Robotic instruction following tasks require seamless integration of visual perception, task planning, target localization, and motion execution. However, existing task planning methods for instruction following are either data-driven or underperform in zero-shot scenarios due to difficulties in grounding lengthy instructions into actionable plans under operational constraints. To address this, we propose FlowPlan, a structured multi-stage LLM workflow that elevates zero-shot pipeline and bridges the performance gap between zero-shot and data-driven in-context learning methods. By decomposing the planning process into modular stages--task information retrieval, language-level reasoning, symbolic-level planning, and logical evaluation--FlowPlan generates logically coherent action sequences while adhering to operational constraints and further extracts contextual guidance for precise instance-level target localization.
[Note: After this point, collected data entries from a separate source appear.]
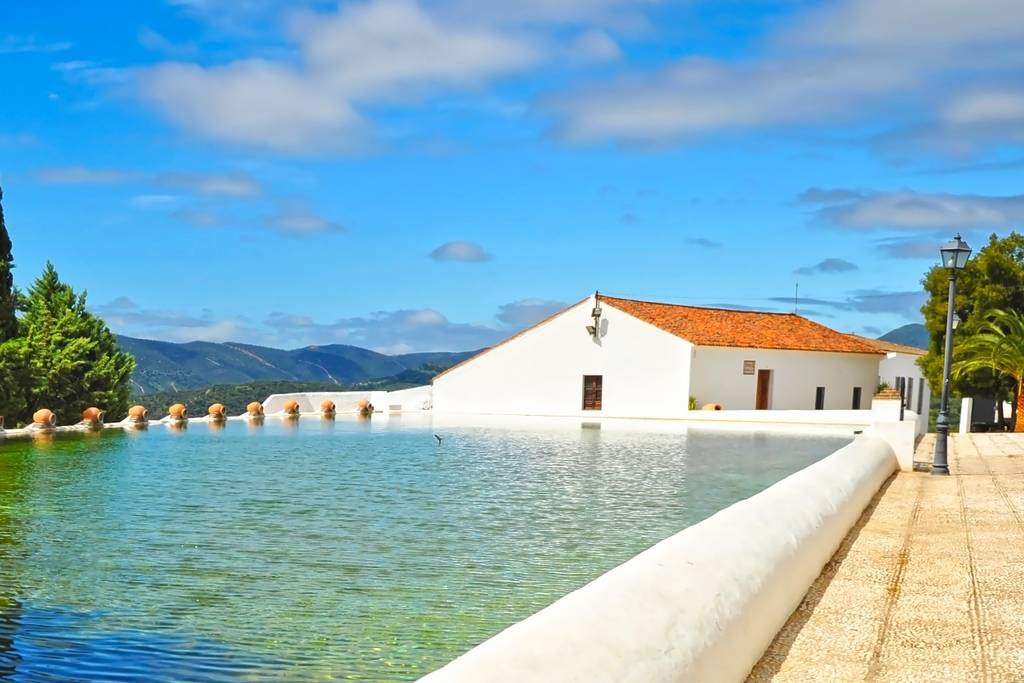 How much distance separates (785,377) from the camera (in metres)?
35.7

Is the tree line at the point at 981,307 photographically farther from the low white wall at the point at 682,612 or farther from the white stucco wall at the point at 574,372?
the low white wall at the point at 682,612

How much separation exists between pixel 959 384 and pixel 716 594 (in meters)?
29.8

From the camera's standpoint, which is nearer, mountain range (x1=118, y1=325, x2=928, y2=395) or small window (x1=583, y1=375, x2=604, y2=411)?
small window (x1=583, y1=375, x2=604, y2=411)

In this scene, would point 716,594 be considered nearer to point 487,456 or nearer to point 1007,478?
point 1007,478

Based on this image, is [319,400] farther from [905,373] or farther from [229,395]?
[905,373]

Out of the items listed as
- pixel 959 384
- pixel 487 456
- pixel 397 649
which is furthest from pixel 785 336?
pixel 397 649

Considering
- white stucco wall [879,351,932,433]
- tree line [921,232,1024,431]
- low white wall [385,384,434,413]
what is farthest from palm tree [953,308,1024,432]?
low white wall [385,384,434,413]

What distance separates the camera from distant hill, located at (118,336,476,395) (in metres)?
141

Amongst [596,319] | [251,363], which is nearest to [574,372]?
[596,319]

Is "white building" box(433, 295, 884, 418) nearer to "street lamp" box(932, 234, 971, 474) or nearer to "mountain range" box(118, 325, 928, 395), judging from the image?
"street lamp" box(932, 234, 971, 474)

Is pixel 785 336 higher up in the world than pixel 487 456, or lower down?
higher up

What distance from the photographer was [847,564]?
672cm

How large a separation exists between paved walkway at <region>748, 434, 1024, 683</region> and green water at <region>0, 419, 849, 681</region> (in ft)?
7.06

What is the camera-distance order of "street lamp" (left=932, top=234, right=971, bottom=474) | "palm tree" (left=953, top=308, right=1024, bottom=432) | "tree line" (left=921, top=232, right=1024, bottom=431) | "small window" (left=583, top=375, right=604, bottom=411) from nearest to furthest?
"street lamp" (left=932, top=234, right=971, bottom=474), "palm tree" (left=953, top=308, right=1024, bottom=432), "tree line" (left=921, top=232, right=1024, bottom=431), "small window" (left=583, top=375, right=604, bottom=411) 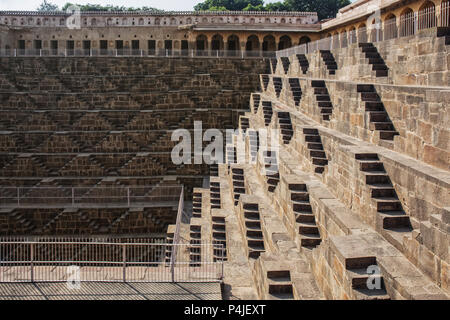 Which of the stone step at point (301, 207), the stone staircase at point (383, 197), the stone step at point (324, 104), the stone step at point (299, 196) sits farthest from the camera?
the stone step at point (324, 104)

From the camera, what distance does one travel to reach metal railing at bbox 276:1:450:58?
12008mm

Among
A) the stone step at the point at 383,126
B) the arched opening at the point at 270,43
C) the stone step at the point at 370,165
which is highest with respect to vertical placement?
the arched opening at the point at 270,43

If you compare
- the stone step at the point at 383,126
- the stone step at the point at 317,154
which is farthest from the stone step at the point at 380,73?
the stone step at the point at 383,126

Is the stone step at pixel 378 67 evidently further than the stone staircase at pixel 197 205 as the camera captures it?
No

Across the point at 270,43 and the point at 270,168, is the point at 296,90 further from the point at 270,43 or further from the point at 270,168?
the point at 270,43

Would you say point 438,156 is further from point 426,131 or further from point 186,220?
point 186,220

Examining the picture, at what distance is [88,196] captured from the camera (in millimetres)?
16797

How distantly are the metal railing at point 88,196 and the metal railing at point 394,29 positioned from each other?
289 inches

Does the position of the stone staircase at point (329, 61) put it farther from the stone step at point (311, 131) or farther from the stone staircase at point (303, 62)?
the stone step at point (311, 131)

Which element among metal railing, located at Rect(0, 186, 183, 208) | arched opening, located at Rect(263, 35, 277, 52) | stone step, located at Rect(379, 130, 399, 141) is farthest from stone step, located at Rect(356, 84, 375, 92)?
arched opening, located at Rect(263, 35, 277, 52)

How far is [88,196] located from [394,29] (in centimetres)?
1109

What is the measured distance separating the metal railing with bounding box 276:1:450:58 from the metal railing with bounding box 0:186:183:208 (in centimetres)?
735

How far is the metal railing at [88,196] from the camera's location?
16.7 meters

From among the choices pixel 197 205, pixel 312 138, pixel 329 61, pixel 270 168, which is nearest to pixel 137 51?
pixel 197 205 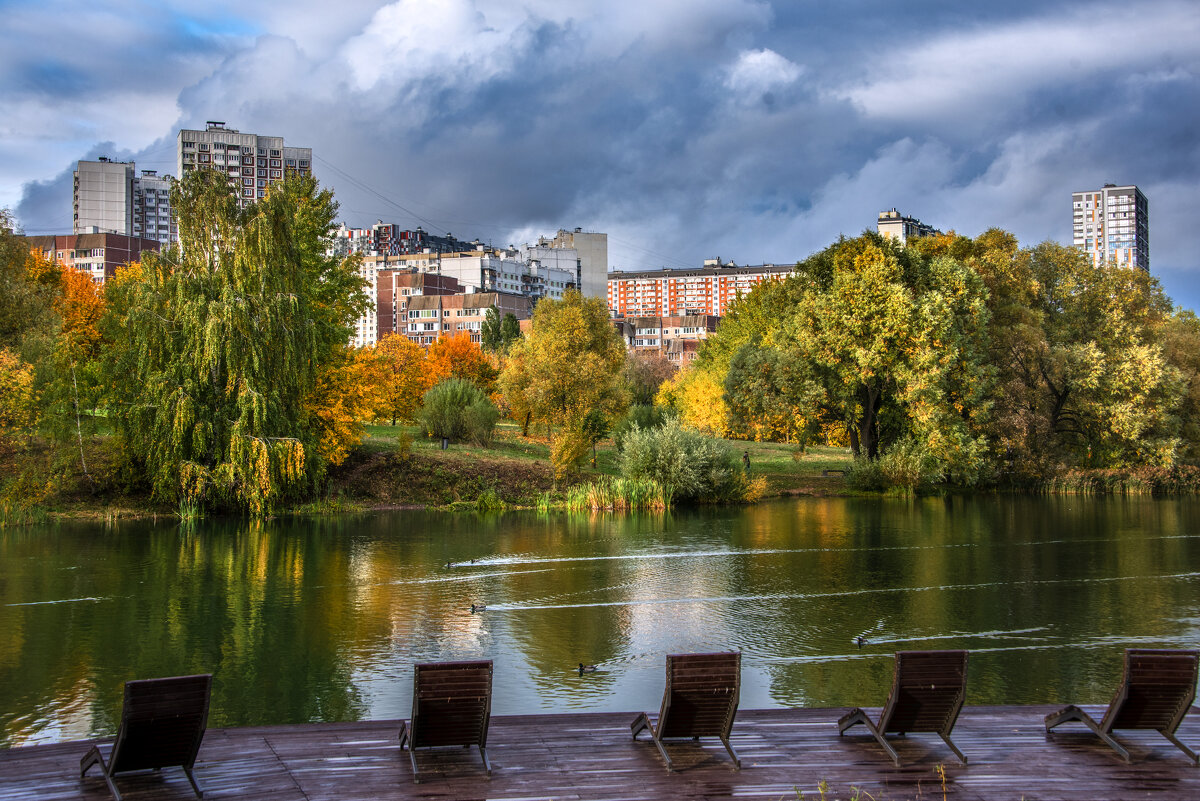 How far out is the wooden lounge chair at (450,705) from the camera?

Benchmarked on the ALFRED and validated in real-world applications, our method achieves competitive performance relative to data-driven in-context learning methods and demonstrates adaptability across diverse environments. This work advances zero-shot task planning in robotic systems without reliance on labeled data. Project website: https://instruction-following-project.github.io/.

Paper Structure

This paper contains 14 sections, 5 figures, 5 tables.

Figures (5)

  • Figure 1: Overview. In robotic instruction following tasks, a robot performs a series of planning steps and movements within an unfamiliar environment to achieve specific objectives. FlowPlan integrates multi-stage task planning with context-aligned target localization. The former involves task information retrieval, language-level reasoning, symbolic-level planning, and logical evaluation. The latter utilizes an online-constructed semantic map of the scene to locate targets for navigation, which predicts object co-location probabilities that are refined with contextual guidance derived from the instructions.
  • Figure 2: Multi-Stage Task Planning. The multi-stage task planning process is comprised of four interpretable stages— task information retrieval, language-level reasoning, symbolic planning, and logical evaluation— to generate logically coherent task plans under operational constraints. All stages are managed by LLM-driven components and do not require labeled data or example sets.
  • Figure 3: Context-Aligned Target Localization. The target localization process consists of two key components: object co-location and context alignment. The former produces a probability distribution at the category level, while the latter utilizes guidance from instructions to align with a specific target instance.
  • Figure 4: Visualization of Action Sequences. Our method generates logically coherent task plans and executes them effectively, whereas Inoue's method inoue2022prompter fails.
  • Figure 5: Real-world instruction following experiments.